Pinging @elastic/es-analytical-engine (Team:Analytics)

nik9000 · 2025-05-27T16:57:54Z

This should also work well for things like:

FROM foo
| STATS MAX(v) BY a > 10

With an extension to this PR that enables this behavior for MAX and COUNT and friends we could push really simple queries like the above all the way to lucene. The trick is to figure out exactly what that should look like from an execution standpoint. This PR was "easier" to model.

nik9000 · 2025-05-27T21:39:09Z

The test failure was quite real - it came from attempting to reuse the scorer from one slice with a different query. I'll push a fix.

nik9000 · 2025-05-28T13:18:49Z

x-pack/plugin/esql/compute/src/main/java/org/elasticsearch/compute/lucene/LuceneOperator.java

-            if (currentScorer == null || currentScorer.leafReaderContext() != leaf) {
+            if (currentScorer == null // First time
+                || currentScorer.leafReaderContext() != leaf // Moved to a new leaf
+                || currentScorer.weight != currentSlice.weight() // Moved to a new query


This last bit of the if statement took most of a day to figure out I needed. But tests caught it.

nik9000 · 2025-05-28T13:20:32Z

x-pack/plugin/esql/compute/src/main/java/org/elasticsearch/compute/lucene/LuceneOperator.java

+        /**
+         * Tags to add to the data returned by this query.
+         */
+        List<Object> tags() {


I'm not entirely sure Object is the right thing. It works, but we might want Supplier<Block> or something more specific. But for now this is good enough.

Yes, the object list can provide a better debugging message, but the block supplier might be better; otherwise, we would need to provide the exact boxed type for numeric values.

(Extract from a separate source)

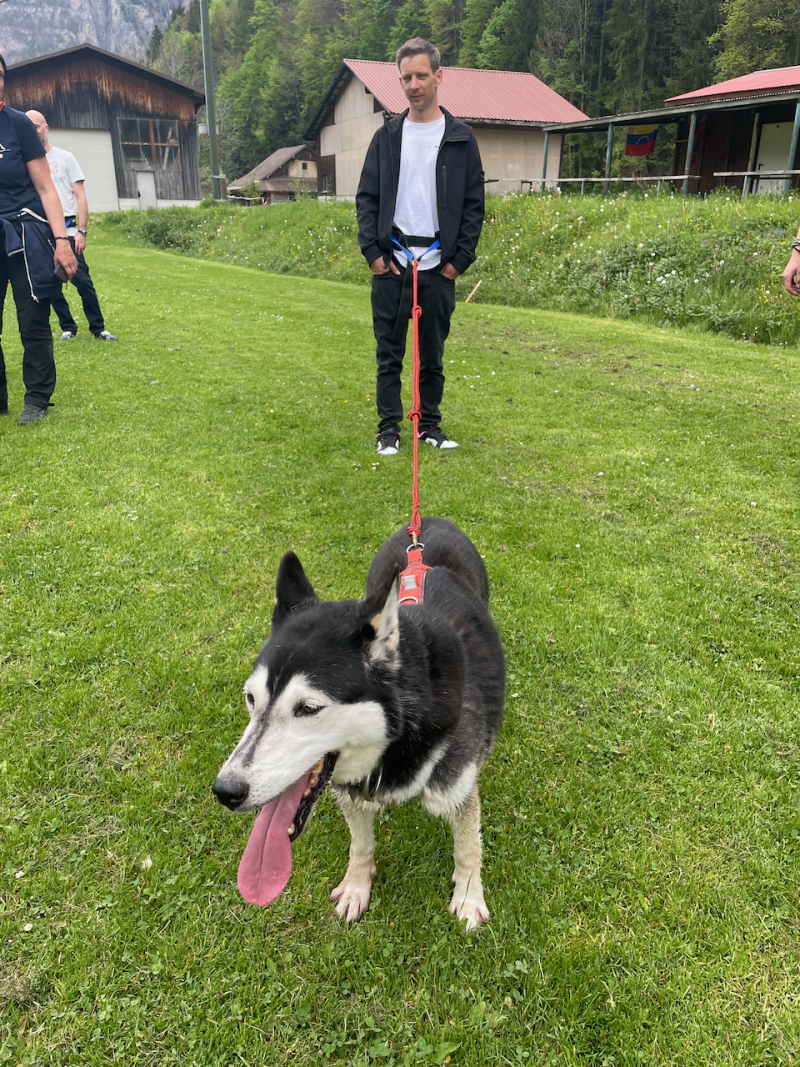 bei den Huskies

Yeah, the getting the boxed type perfect could be tricky. Suppliers are quite explicit. Let's keep it as is for now and rework when we find a rough edge.

dnhatn

I thought it was big, so I delayed the review until the end of my day, but it's just the first part. Sorry about that. LGTM! Thanks, Nik.

dnhatn · 2025-05-29T01:34:47Z

.../plugin/esql/compute/src/main/java/org/elasticsearch/compute/lucene/LuceneCountOperator.java

@@ -121,6 +120,9 @@ protected Page getCheckedOutput() throws IOException {
            if (scorer == null) {
                remainingDocs = 0;
            } else {
+                if (scorer.tags().isEmpty() == false) {


I think we can leverage this and min/max later too.

nik9000 · 2025-05-29T16:41:42Z

I thought it was big, so I delayed the review until the end of my day, but it's just the first part. Sorry about that. LGTM! Thanks, Nik.

Right! I tried to do the next bit and it got big so I put that down.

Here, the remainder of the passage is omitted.